WORK TO COMPLETE:
Leave out the pictures and output exactly the lines below from the one with "Reebok Women's CLASSIC" down to the one with "Property at 2316", both of them included.

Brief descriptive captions
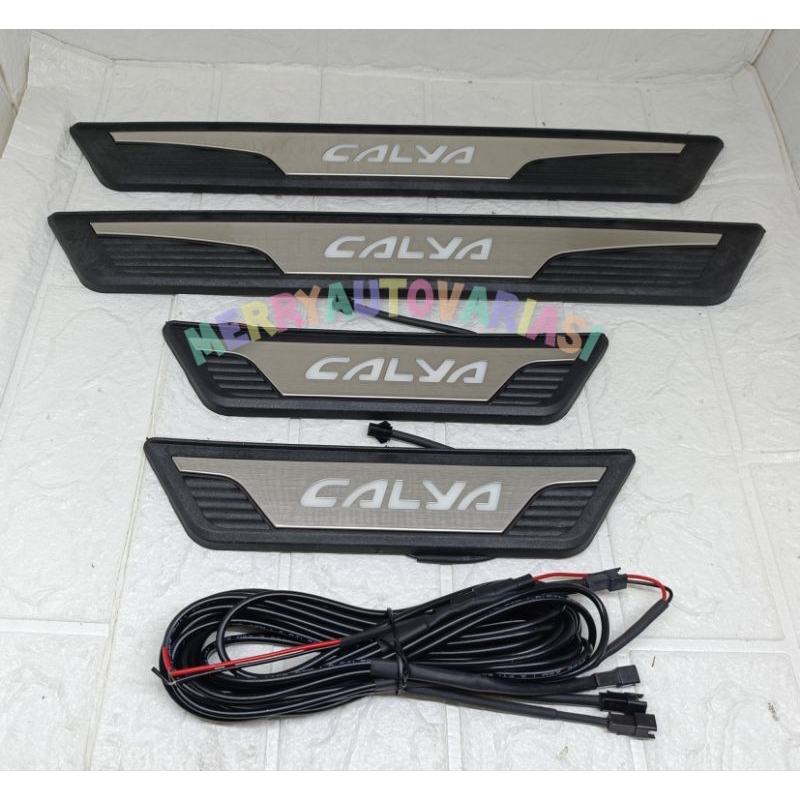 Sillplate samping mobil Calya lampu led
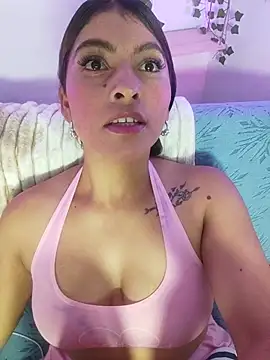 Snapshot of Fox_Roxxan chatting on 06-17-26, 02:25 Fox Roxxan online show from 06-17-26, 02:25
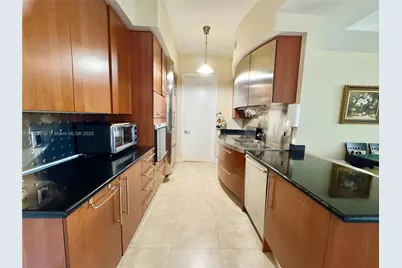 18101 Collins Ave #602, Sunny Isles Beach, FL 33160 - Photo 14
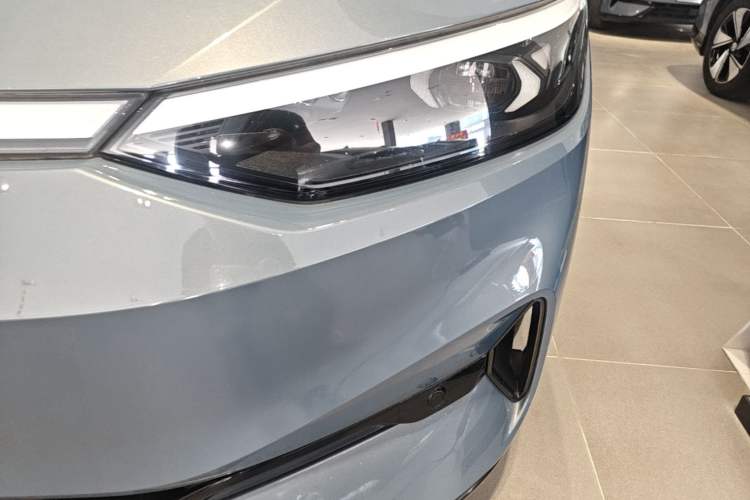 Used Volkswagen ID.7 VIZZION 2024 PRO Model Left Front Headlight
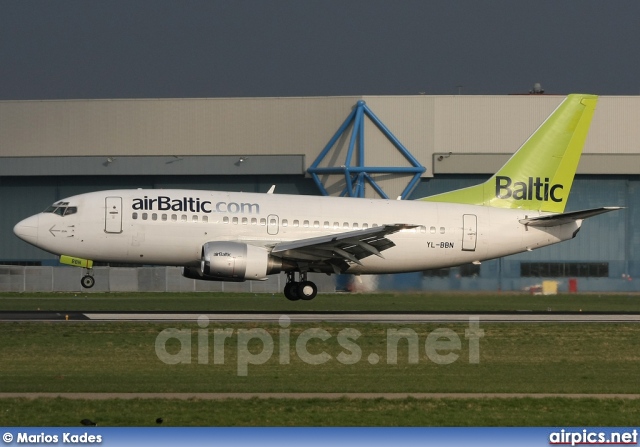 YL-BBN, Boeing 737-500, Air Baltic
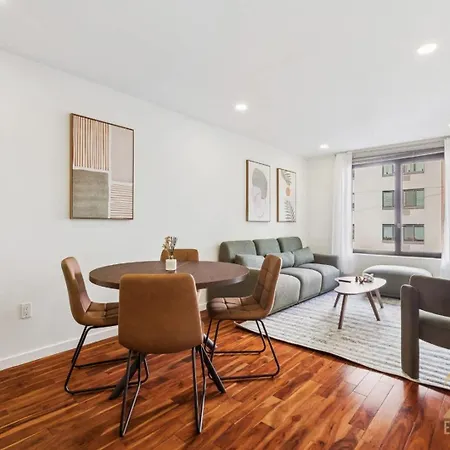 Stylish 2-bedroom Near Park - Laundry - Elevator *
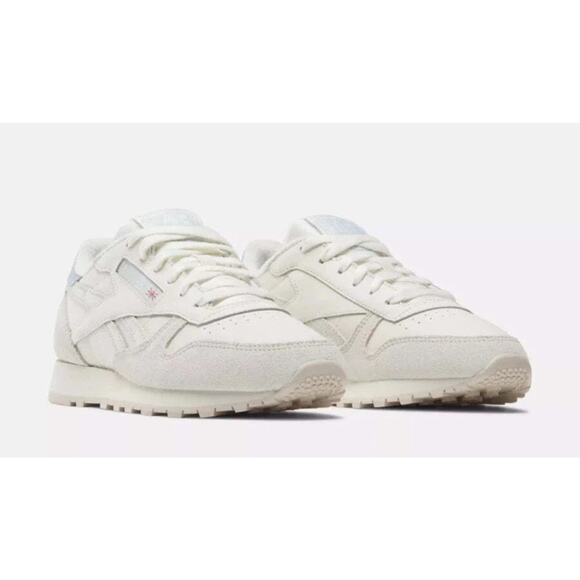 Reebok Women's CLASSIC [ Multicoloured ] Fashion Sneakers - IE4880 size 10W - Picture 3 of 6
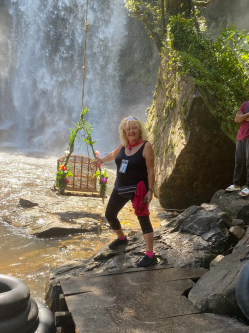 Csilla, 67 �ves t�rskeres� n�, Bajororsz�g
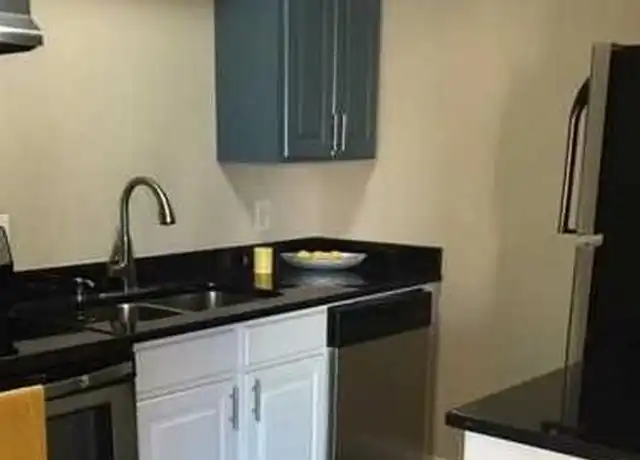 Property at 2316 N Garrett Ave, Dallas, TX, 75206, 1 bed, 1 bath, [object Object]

--

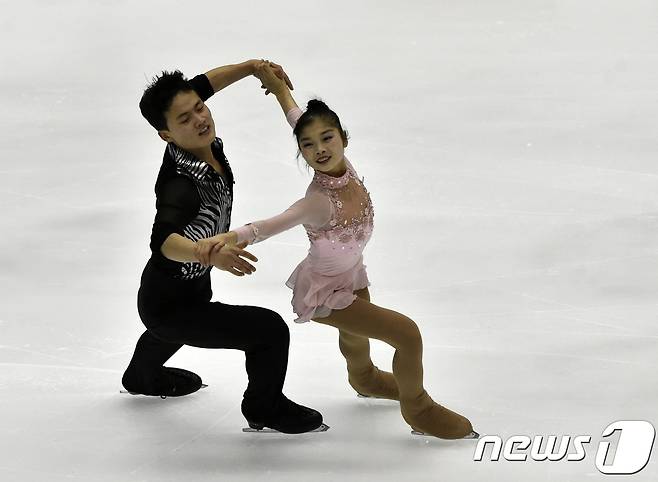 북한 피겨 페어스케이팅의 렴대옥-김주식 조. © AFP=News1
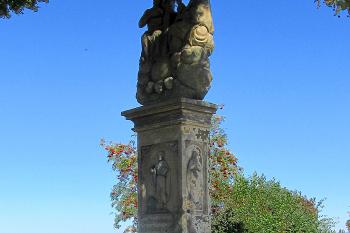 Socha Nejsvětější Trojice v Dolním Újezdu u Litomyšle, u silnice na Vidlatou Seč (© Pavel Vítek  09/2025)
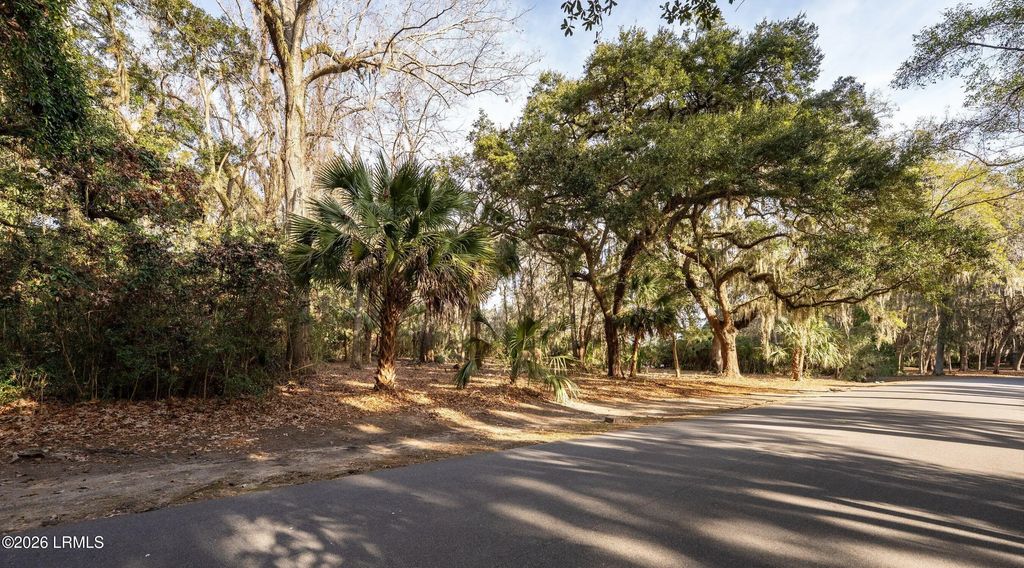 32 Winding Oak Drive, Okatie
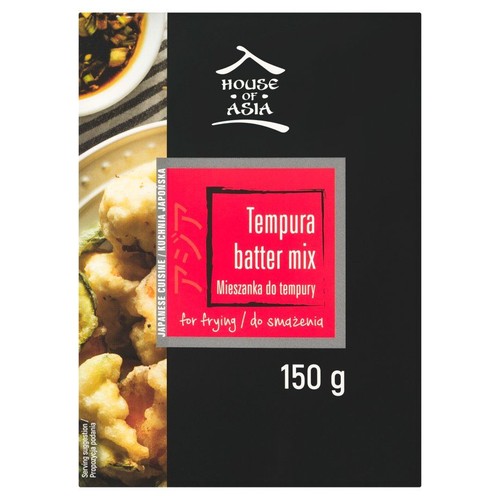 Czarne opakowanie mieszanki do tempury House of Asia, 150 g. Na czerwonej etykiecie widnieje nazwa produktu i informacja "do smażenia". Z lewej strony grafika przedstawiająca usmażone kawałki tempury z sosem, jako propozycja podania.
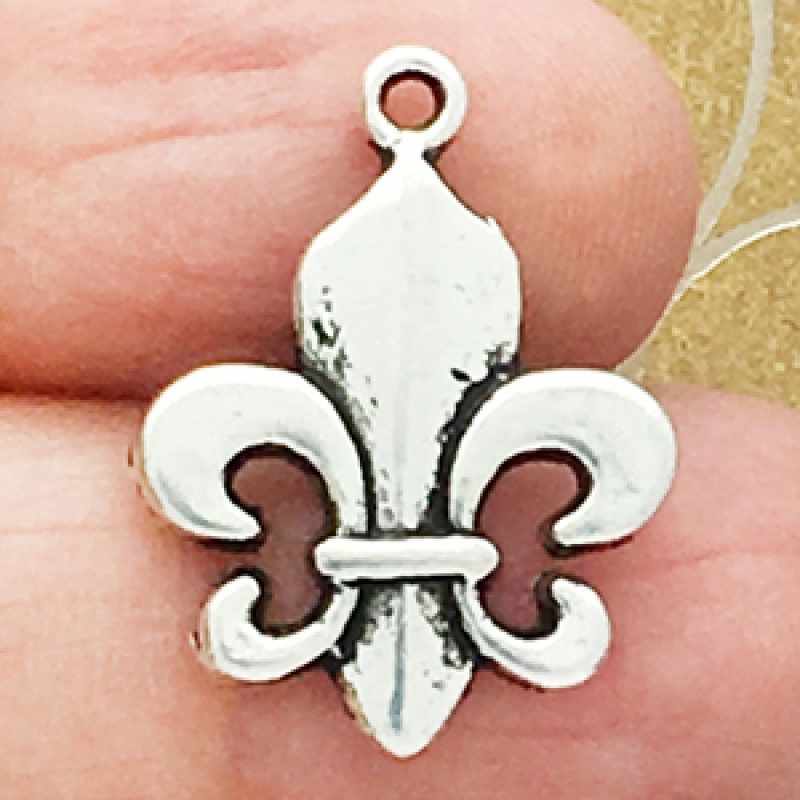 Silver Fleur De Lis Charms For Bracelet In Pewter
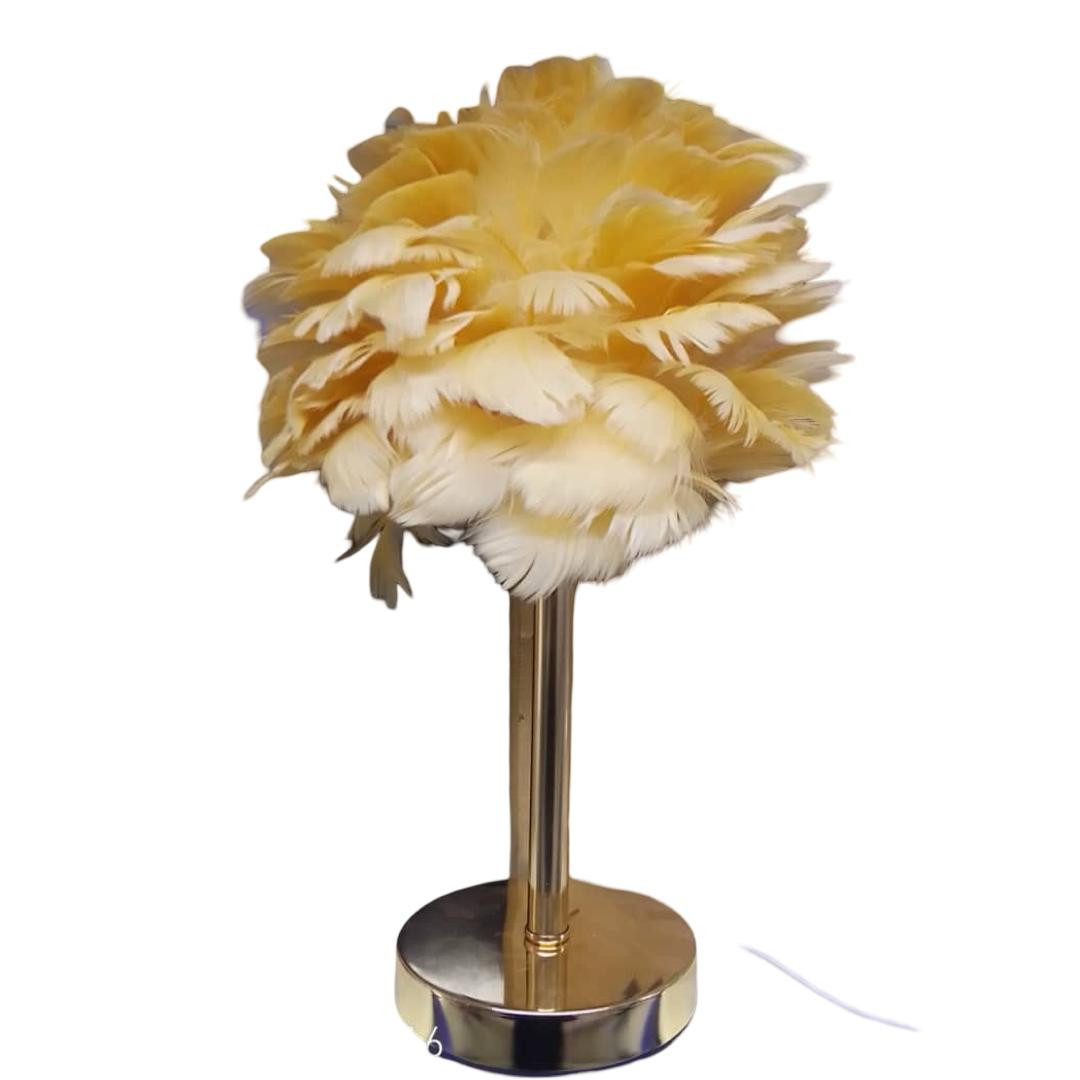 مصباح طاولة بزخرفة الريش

SOLVED PROBLEM:
 Reebok Women's CLASSIC [ Multicoloured ] Fashion Sneakers - IE4880 size 10W - Picture 3 of 6
 Csilla, 67 �ves t�rskeres� n�, Bajororsz�g
 Property at 2316 N Garrett Ave, Dallas, TX, 75206, 1 bed, 1 bath, [object Object]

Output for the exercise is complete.